A study conducted at Seattle Pacific University in 2009 echoed these findings, showing that participants also felt delusional thanks to meditation.

Your sensory perception might change.

The way you see, smell, hear, and taste might be altered thanks to meditation. Consistent with the 2017 study, many participants saw visions, hallucinations, illusions, or lights that weren’t there. Some reported increased sensitivity to light and noise and distortion in time and space.

According to Psychology Today, some people enter meditation with the hope that they will experience such visions because the ones listed above, a mindset that’s unproductive and may cause frustration.

Motivation may go right out the window.

If you have already got trouble with procrastinating and getting work done, meditation might be bad news: The 2017 study revealed it could cause a significant lack of motivation.

And this potential change doesn’t only apply to obligations like work. Consistent with the 2017 study, meditation also can cause you to lose interest in activities that you previously enjoyed, like the consequences of depression.

This lack of interest could come as a result of non-attachment, a standard skill many meditators strive for, consistent with Psychology Today.

You might relive negative memories and emotions by meditation .

Meditation brings up emotions and memories you’ll have suppressed within the past, which can cause a deluge of negative feelings which will be hard to handle. Those that participated in the 2017 study reported feeling panic, anxiety, fear, paranoia, depression, and grief.

On top of that, subjects within the 2009 study reported reliving traumatic experiences within the sort of flashbacks.

You might experience some physical side effects due to meditation .

Although some view it as a mental and emotional tool, meditation has proven physical effects on the body. Subjects within the 2017 study say they felt negative changes throughout their systems, including pain, pressure, involuntary movements, headaches, fatigue, weakness, gastrointestinal problems, and dizziness.

It’d damage your sense of self.

It sounds cliche, but your most vital relationship in life is that the one you’ve got with yourself — because it affects all of your other links.

So the indisputable fact that meditation has the potential to impact your sense of self negatively may be a very troubling prospect. A 1992 study conducted by Deane H. Shapiro, Jr., professor emeritus of psychiatry and human behavior at the varsity of drugs at the University of California, Irvine, found that participants were more conscious of their negative qualities after coming back from a meditation retreat.

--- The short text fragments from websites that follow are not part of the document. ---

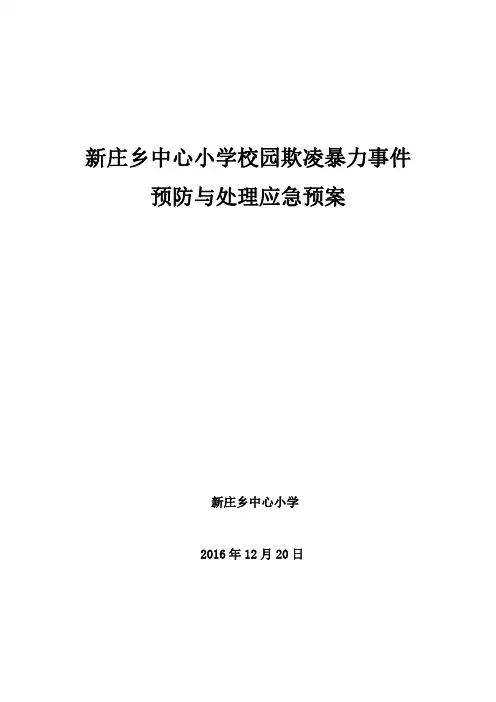 校园欺凌事件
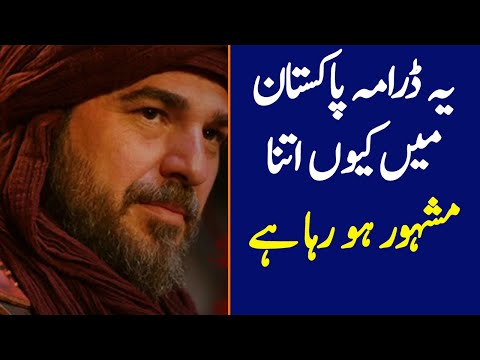 Why Ertugrul Ghazi is Famous in Pakistan - 5 Reasons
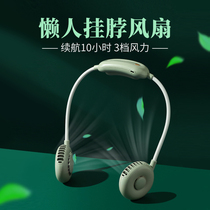 Halter neck fan usb portable small electric fan Student lazy halter neck sports small mini desktop portable rechargeable handheld headset hanging neck kitchen wear net celebrity with the same head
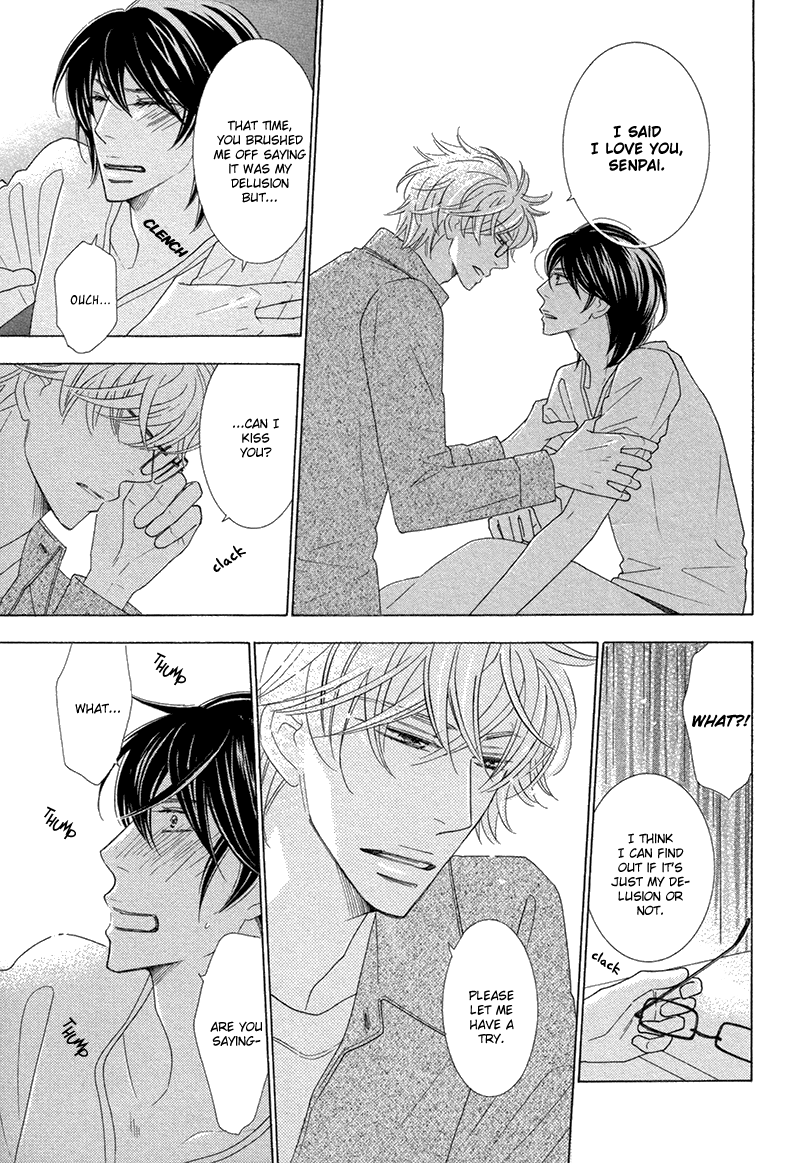 Omowaseburi na Kimi no Tonari Vol. 1 Ch. 3 第26页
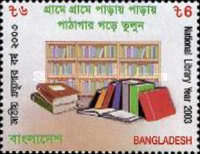 [National Library Year, type ACJ]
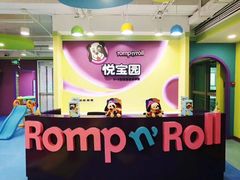 -悦宝园(昌平镇店)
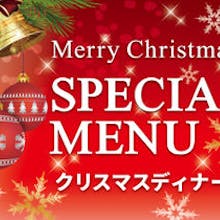 クリスマスディナー ネット予約は一休 Comレストラン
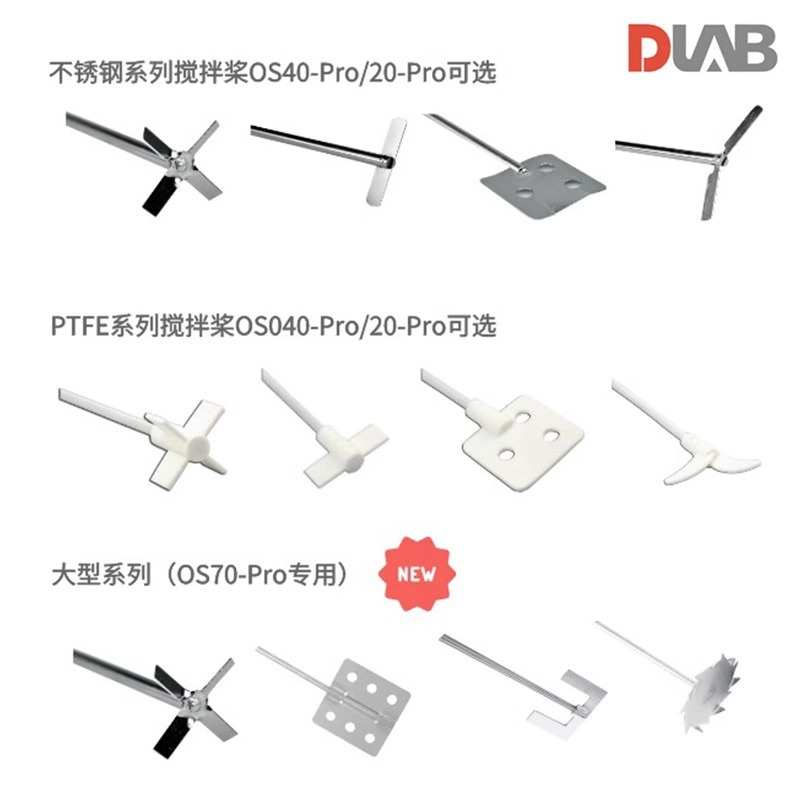 式os20- 顶propro实验室-机器置搅拌os40-/大龙北京/os70动pro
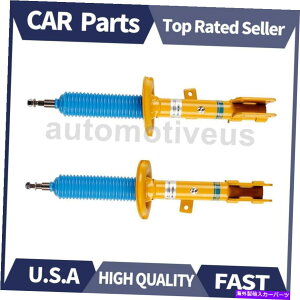TXyV 2xrV^CtgOʃTXyVXgbgAZuLA\ĝ߂̃XgbgAZu 2X Bilstein Front Left Front Right Suspension Strut Assembly For Kia Sorento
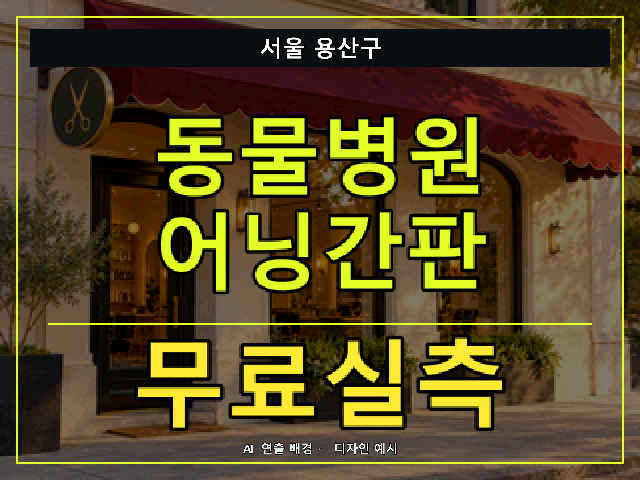 서울 용산구 동물병원 어닝간판 무료실측 안내 썸네일 · AI 연출 배경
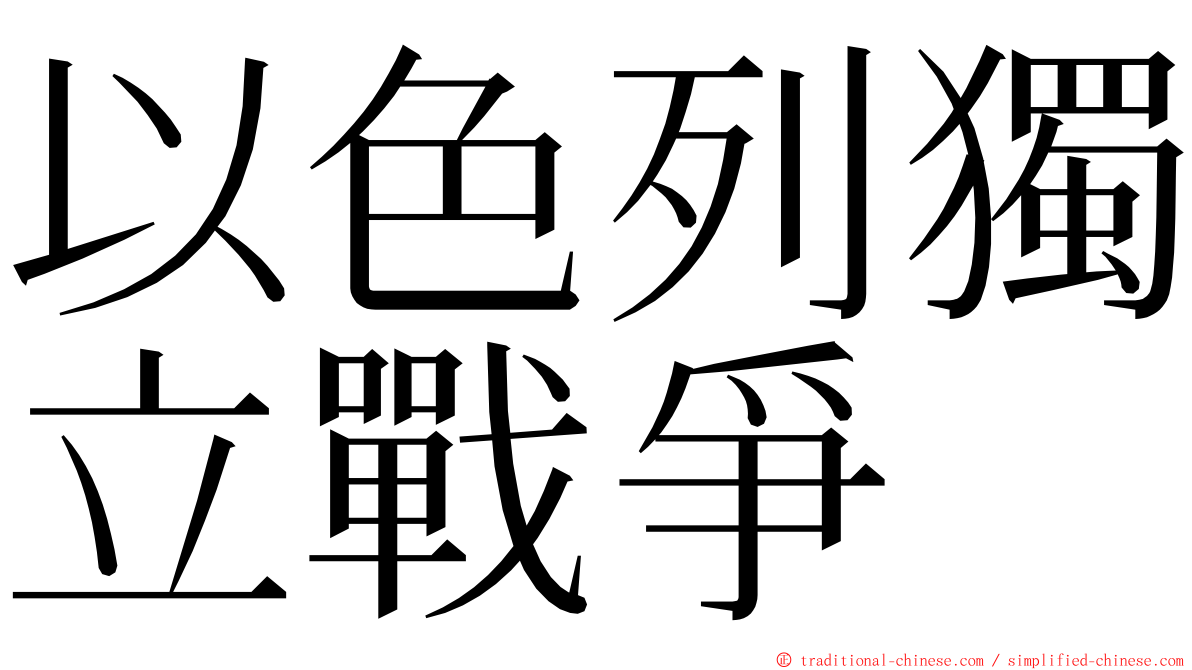 以色列獨立戰爭 ming font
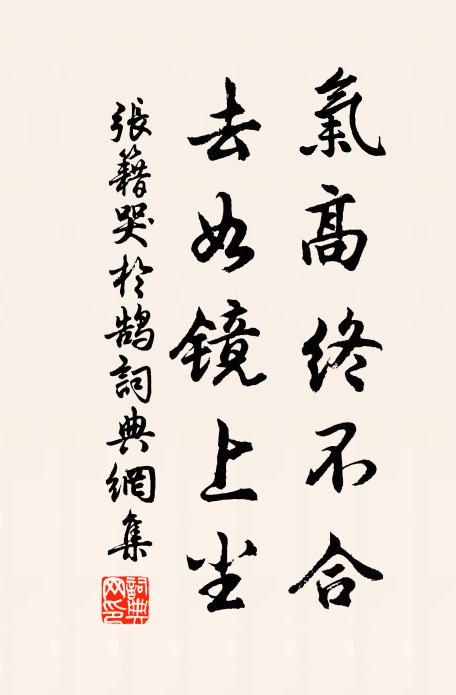 無人把，萋萋芳草隨君 詩詞名句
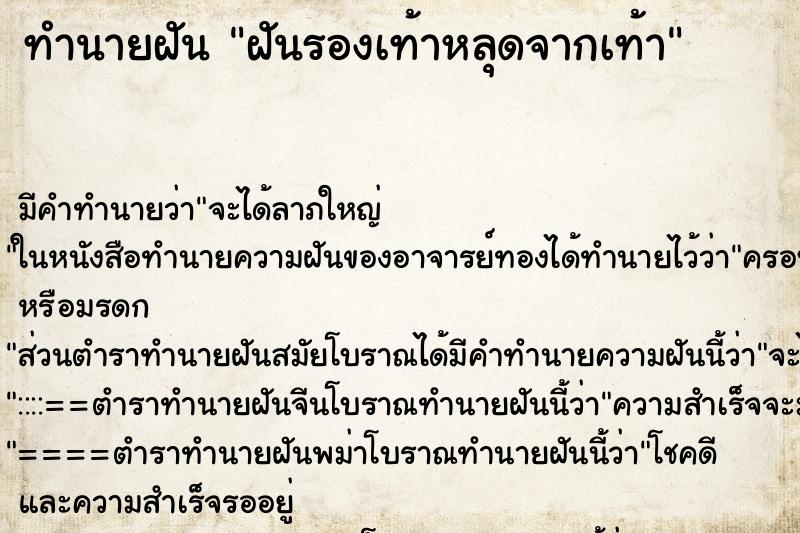 ทำนายฝัน ฝันรองเท้าหลุดจากเท้า ทำนายฝัน ฝันรองเท้าหลุดจากเท้า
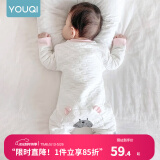 优奇婴儿衣服新生儿保暖三层夹棉连体衣春秋冬季哈衣爬服男女宝宝睡衣 升级【三层暖棉】屁屁熊粉色 80cm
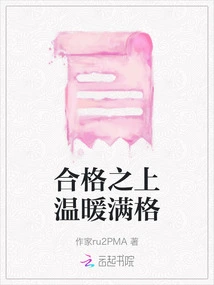 Passionate, Warm and Full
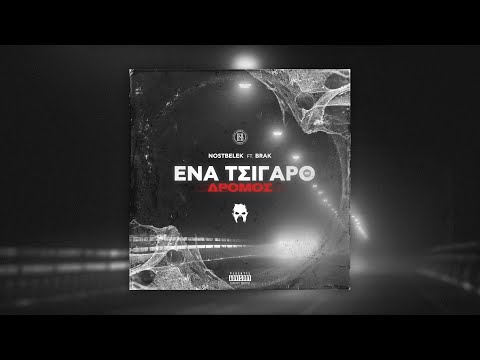 NostBelek ft.Brak - Ένα τσιγάρο δρόμος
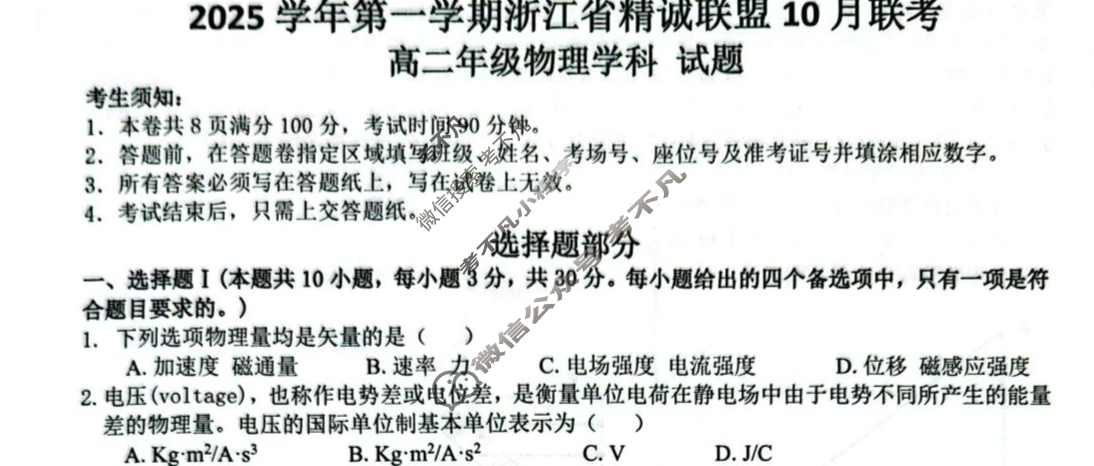2025学年第一学期浙江省精诚联盟高二年级10月联考物理试题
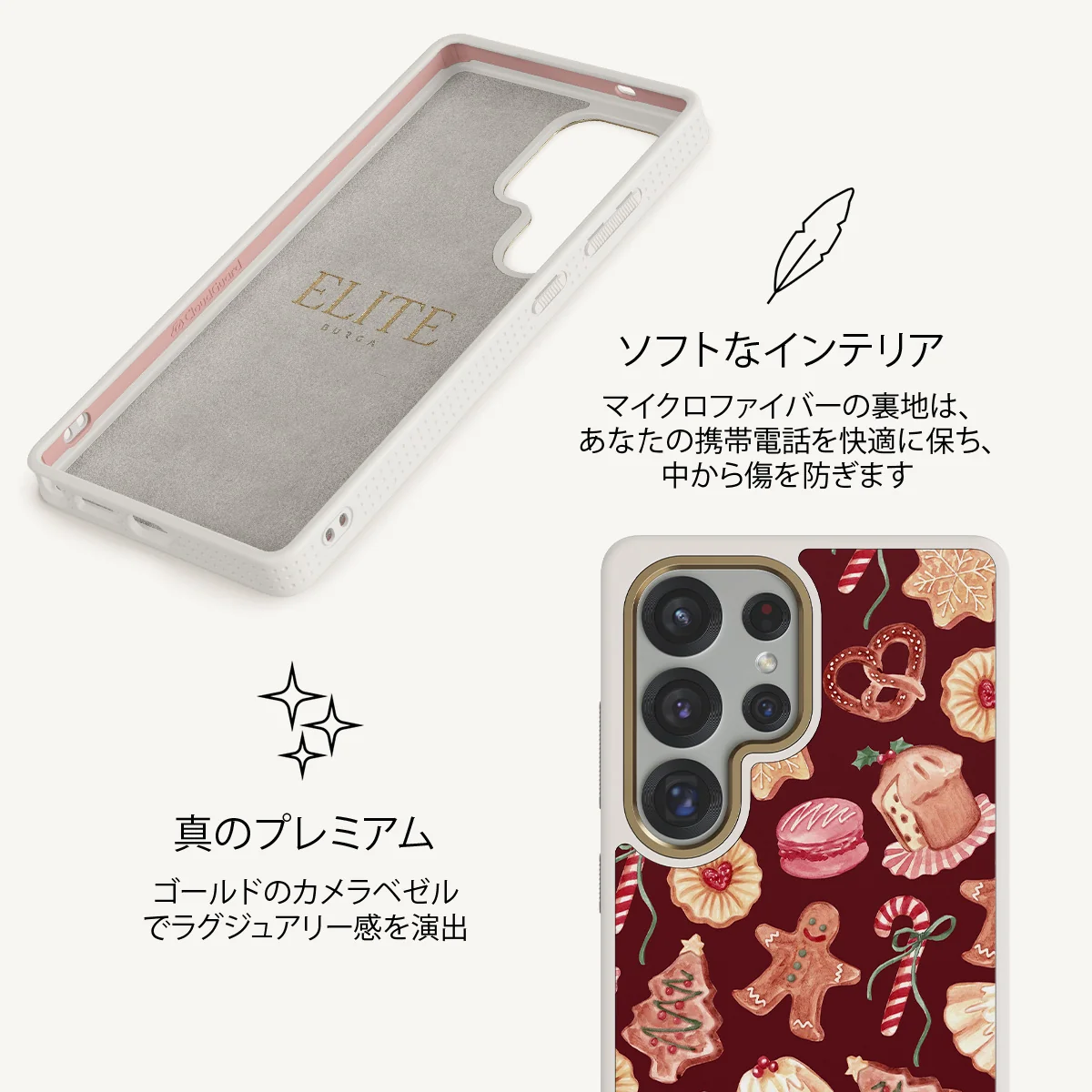 Cookie Jar - Samsung Galaxy S25 Ultra ケース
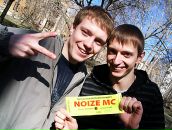 Фотография Ступникова Николая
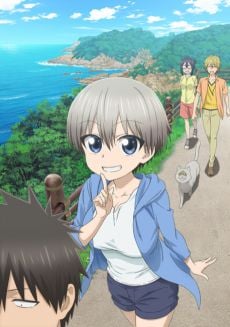 Portada de Uzaki-chan wa Asobitai!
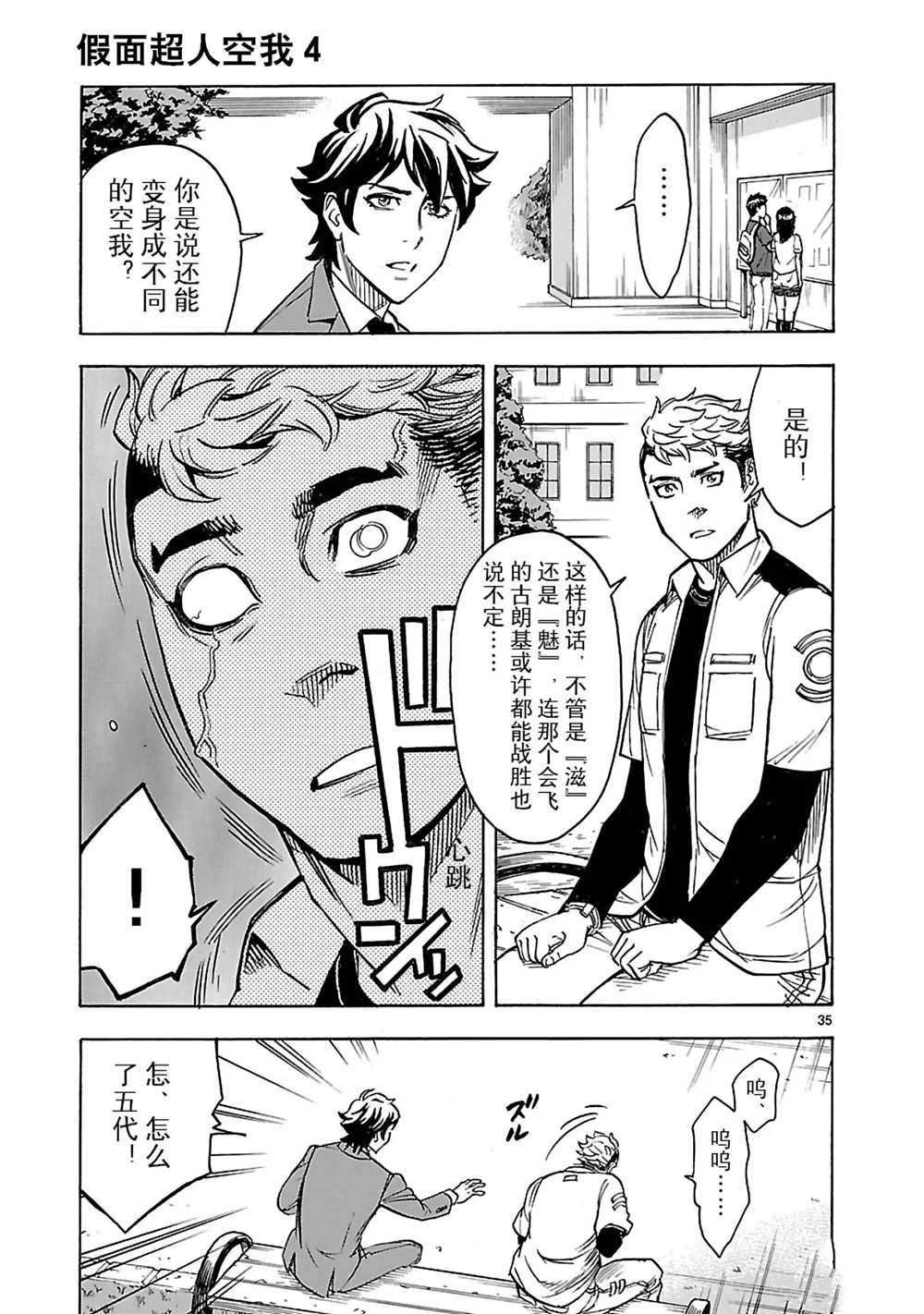 《假面骑士空我（假面超人空我）》漫画最新章节第16话 试看版免费下拉式在线观看章节第【43】张图片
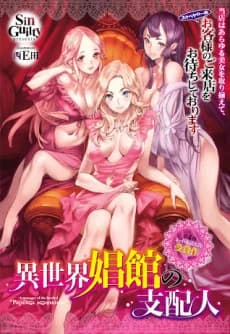 Isekai Shoukan no Shihainin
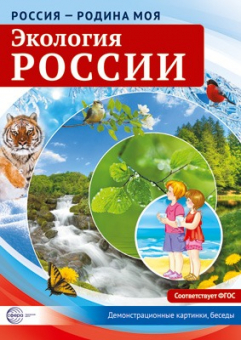 Набор карточек "Россия - Родина моя. Экология России" арт.978-5-9949-2149-4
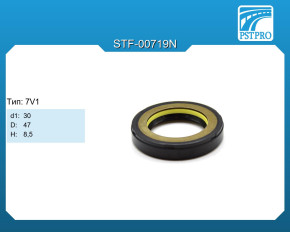 Сальник d1-30 D-47 H-8,5 Тип: 7V1
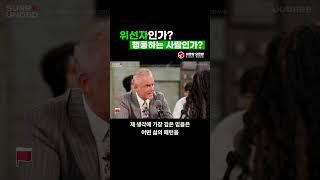 위선자인가 행동하는 사람인가 | 조던 피터슨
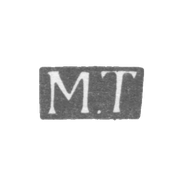 Клеймо мастера Текарт Матвей - Ленинград - инициалы "М.Т" - 1823-1857 гг.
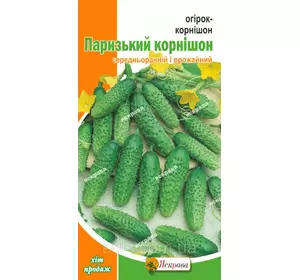 Огірок Паризький корнішон 1 г, насіння Яскрава Огірок Паризький корнішон 1 г, насіння Яскрава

Participants within the 2017 study reported feeling a loss of agency, a loss of sense of essential self, and a loss of ownership. Plus, many indicated that they thought the boundaries are blurring between themselves and therefore the remainder of the planet.

You may become antisocial.

Meditation could also be about getting into touch with yourself, but it also can change the way you interact with others — and not during a great idea.

Half of the 2017 study participants say they felt social impairment or an issue generally behaving around others, thanks to meditation. Nearly half reported having trouble integrating back to society after intensive practice or a meditation retreat. Others say they felt so socially impaired that it harmed their occupations also.